:: Task ::
Only the lines from the one with "IKEA STRALA Pointsettia" through the last line of the material below belong in the answer, copied exactly and without pictures.

--- Input data ---

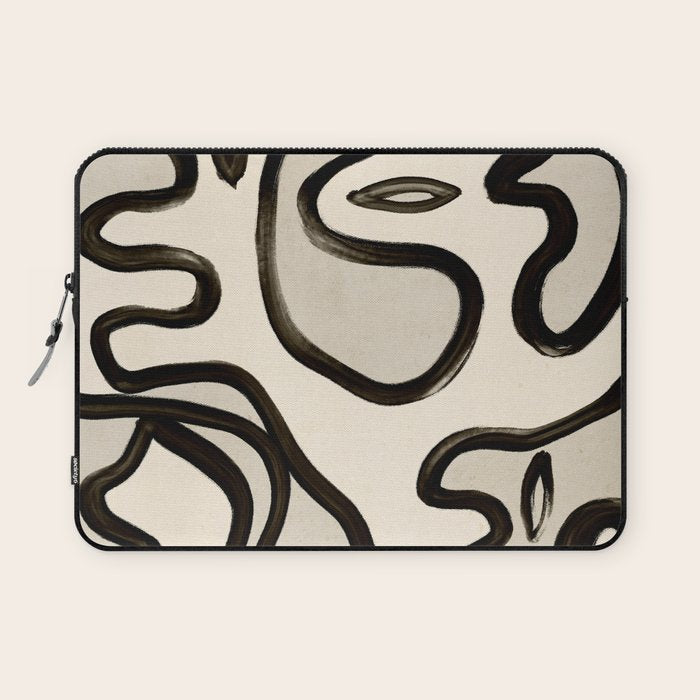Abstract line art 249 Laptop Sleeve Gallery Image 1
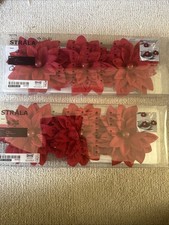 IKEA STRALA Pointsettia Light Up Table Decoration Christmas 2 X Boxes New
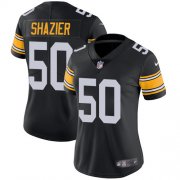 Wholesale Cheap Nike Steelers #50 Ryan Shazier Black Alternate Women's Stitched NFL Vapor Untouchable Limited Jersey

---

:: Result of this task ::
 IKEA STRALA Pointsettia Light Up Table Decoration Christmas 2 X Boxes New
 Wholesale Cheap Nike Steelers #50 Ryan Shazier Black Alternate Women's Stitched NFL Vapor Untouchable Limited Jersey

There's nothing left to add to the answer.